(584am) A First-Principles Analysis of Carbon Materials As Catalysts for the Non-Oxidative Coupling of Methane Reaction

Ethylene (C₂H₄) is a feedstock for many industrial chemicals, from polyethylene to ethylene glycol. Current C₂H₄ production is dominated by naphtha steam cracking, an energy-intensive process which releases significant amounts of carbon dioxide (CO₂). In this work, the Non-Oxidative Coupling of Methane (NOCM) reaction is studied as an alternative means of producing C₂H₄. NOCM has the potential benefits of being able to exploit methane (CH₄) present in United States shale gas resources without a concomitant release of CO₂. Previous work has demonstrated that carbon materials can serve as effective CH₄ conversion catalysts, but the mechanism by which carbon promotes NOCM is unknown.

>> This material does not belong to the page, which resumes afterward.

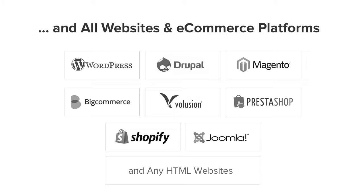OptinMonster works on all types of websites whether you're using WordPress, Drupal, Joomla, Magento, Shopify, or a static HTML website. OptinMonster will seamlessly integrate with your website.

To elucidate the molecular details of this reaction, we study methane activation on edge terminations of graphene – the “armchair” and “zigzag” configurations – as well as the graphene basal planes, as models of carbon active sites. We determine that byproduct hydrogen gas will adsorb to and passivate what would otherwise be dangling bonds on edge terminations of graphene via a surface phase diagram analysis. Despite this, the barrier to CH₄ activation is still significantly lower on edge terminations compared to the basal plane. Effective NOCM barriers can be further reduced by a phenomenon involving hydrogen migration along the graphene edges to temporarily un-passivate these edges and produce transient dangling bonds which readily convert CH₄. Microkinetic models suggest that the rate-limiting step for the NOCM process is hydrogen migration for edge models and methane activation for the basal plane. We close by briefly discussing the potential of Zeolite-Templated Carbon (ZTC) materials as alternative carbon allotropes to promote this chemistry.